This is less a criticism than an observation. The film is fine fun the way Lerner constructed it, as a basically comic critique of the two historical forces that can be said to have battled over the aforementioned preconditions, the more material of which was just then disappearing from the face of the earth as our industrialized standard of living stopped rising. If you miss it, Columbia/Legacy's two-CD soundtrack provides an excellent taste of how stupid the festival's "absolutely mind-boggling list of superstar artists!" could be. Three weeks from death, Jimi Hendrix introduces a famously lackluster set by reporting that he just woke up. Joni Mitchell demonstrates her cultural superiority by holding forth about Hopis and tourists. Kris Kristofferson announces, "We're gonna do two more in spite of anything except rifle fire," then skulks off after one. Emerson, Lake & Palmer are ELP and vice versa. And the inimitable Joan Baez explains how the radicals' demand for free admission responds to "an evil stinking rotten world," only: "I am not going to be forced into giving a free concert because they insist on me giving a free concert. That doesn't make sense either."

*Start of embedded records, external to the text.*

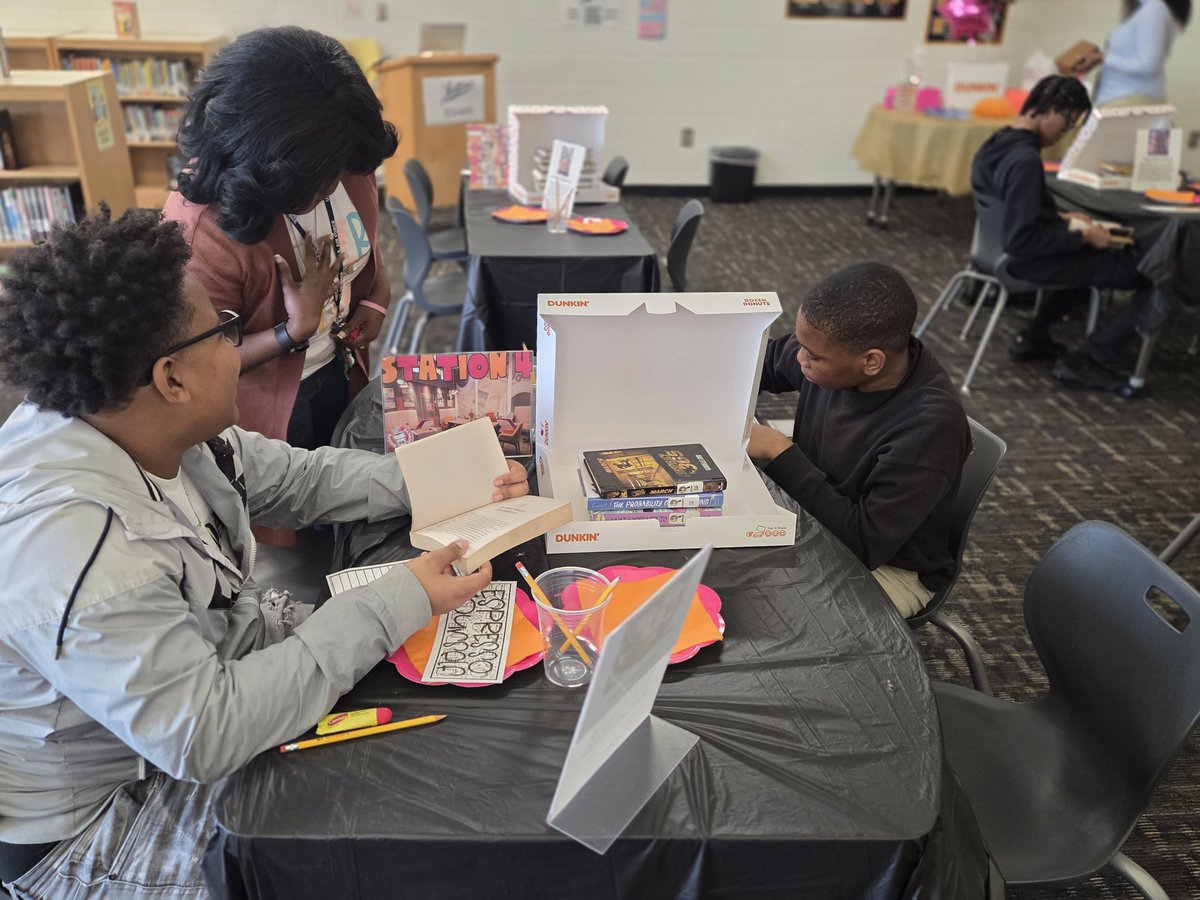 Cynthia Byron, M.Ed tweet media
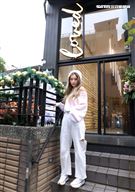 林珈安三立新聞網專訪。（記者邱榮吉/攝影）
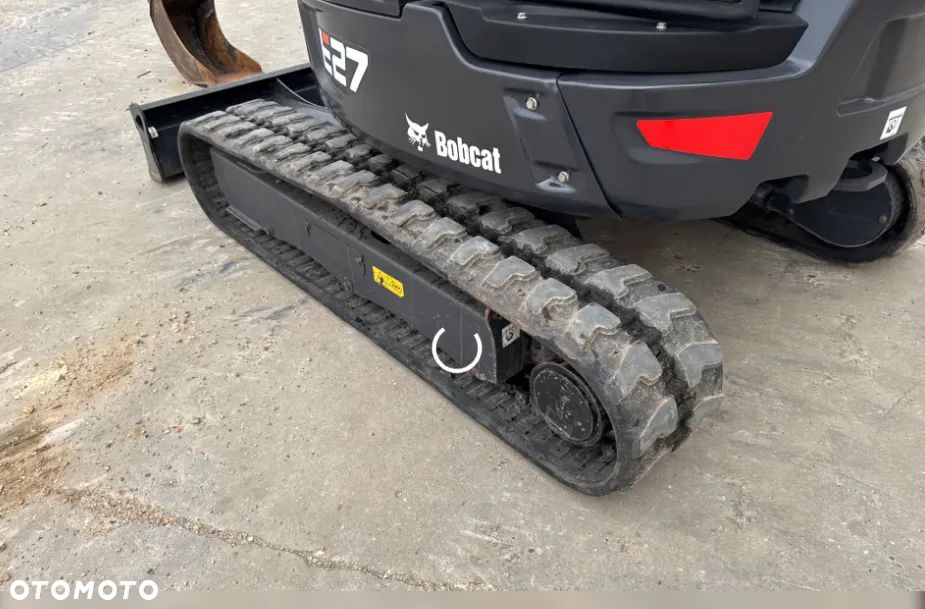 Bobcat E27 - 5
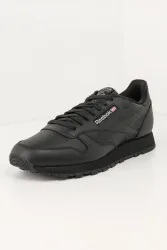 Reebok Classic Leather Sneaker - Schwarz 7 Herren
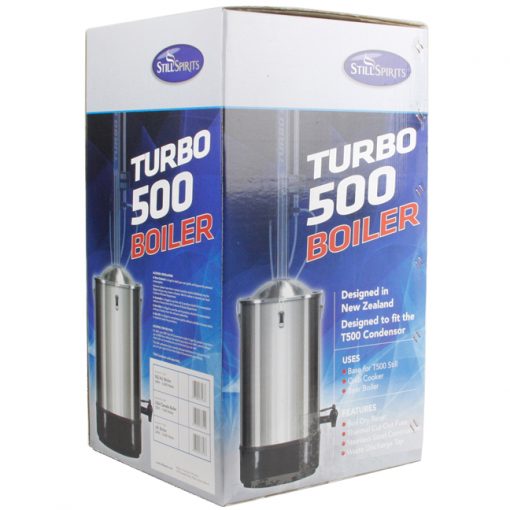 Turbo 500 Boiler (120V) - Image 2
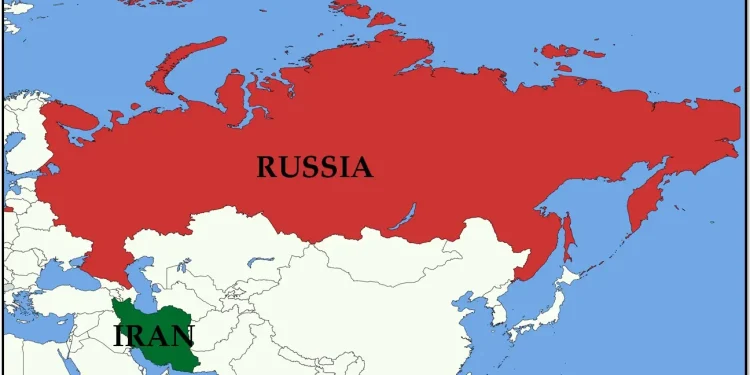 روسیه برای دریای خزر هشدار جدی صادر کرد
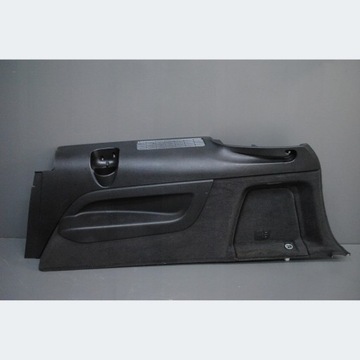 фото thumb №8, Боковина обивка багажника правая audi q7 4l0863880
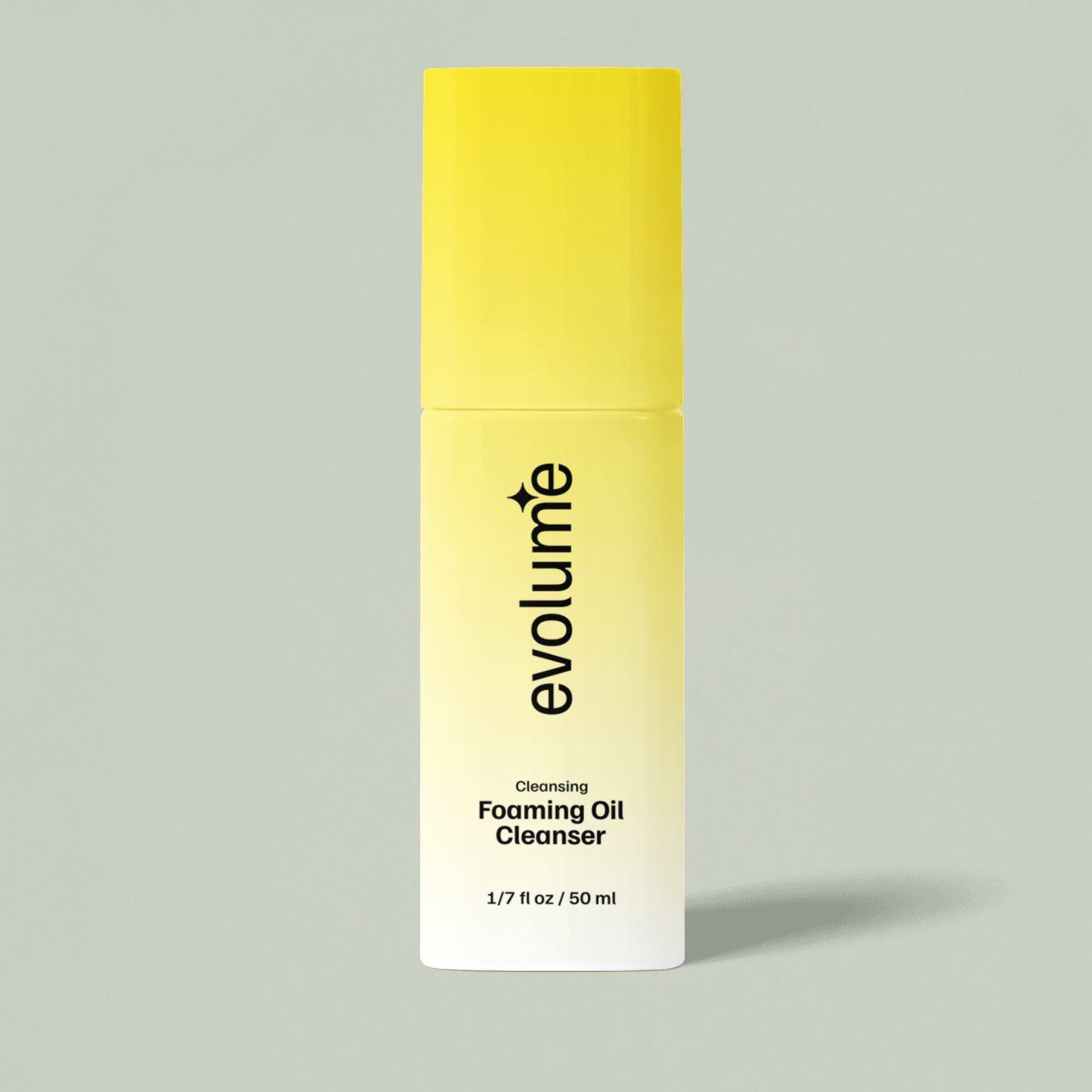 Foaming Oil Cleanser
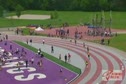 2009 Athletics Ontario Junior Women 400m Heat 6 of 7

The soundtrack also makes clear that the artists have nothing on the Brit bikers, French anarchists, and American world travelers of Desolation Row, as the ultimately victorious nonpaying encampment outside the festival's galvanized-steel fence was officially dubbed, much less the three promoters, who say such things as, "We put this festival on, you bastards, with a lot of love, and if you want to break our walls down and you want to destroy it, well, you go to hell," and, even better, "We have a fire on stage. If there's any firemen anywhere who can help us put the fire out as soon as possible . . . " But both sides should really be seen as well as heard--the wild-eyed rads so self-whatever they can conceive no reality beyond their proximity to the stage, the foppish promoters striving wanly to convince the audience, the camera, and themselves that all they want is to do a little good in the world.

The Maysles' dystopian Altamont movie, the class of the field intellectually (and visually) as well as musically, emphasized the chasm between the artists and the audience who under the new countercultural dispensation were supposed to be their equals. This was an essential point at the time, perfect for a band so charismatic it could carry a whole movie and so cynical that its distance from its fans and everything else was already an established part of its act. A quarter century later, Lerner, understandably, goes for a more analytic, historical approach. So he schematizes hippiedom's assumed failures and hypocrisies into a doomed conflict between me-first boomers and the implacable forces of capital, with both sides more wrong than right. His parable is persuasive because in broad outline it's undeniable and because it's peopled with mind-boggling buffoons. But it's partial as well--not just because it ignores the innocents in the middle, many of whom are assuredly growing up or experiencing some measly measure of liberation despite the contradictions, but because in the end the buffoons are too inconsequential to symbolize much. The anonymous radicals are lost to history, while the promoters, Ray and Ron Falk and Ricky Farr, lack even the paltry mythic resonance of John Phillips, Mike Lang, and Melvin Belli, who personify power in the other movies.

Lerner, in fact, doesn't bother to provide their last names, which I obtained from Isle of Wight native Mike Plumbley, coauthor of the self-published Isle of Wight Rock: A Music Anthology (Isle of Wight Rock Archives, Palmer's Forge, Newport Road, Niton, Isle of Wight, U.K.). Always clueless about English accents, I'd assumed the Falks were the same kind of hapless rich kids who backed so many other mysterious '60s ventures, but in fact they were local printers whose 1968 festival featured Jefferson Airplane raising funds for a swimming pool that somehow never got built and whose much larger 1969 do, headlined by a famously lackluster Bob Dylan, seeded number three. Although many acts didn't get paid, there are observers who believe the Falks sold a lot more of those £3 tickets they're forever whining about (at a time when a week in a bedsit cost £4) than they claimed--including, Plumbley reports, an employee who says he went off to print more as late as Saturday night. Hmmm. As for imported biz pro and fatuous majordomo Farr, the successful music career attributed to him in Lerner's credits apparently ended up in an L.A. sound equipment company.

Since it took poor Lerner 26 years to complete what was clearly a labor of pride and love--can you imagine what getting the permissions must have been like?--I'd never suggest he should have made a different movie. But wouldn't it be fun to follow the money in a sequel?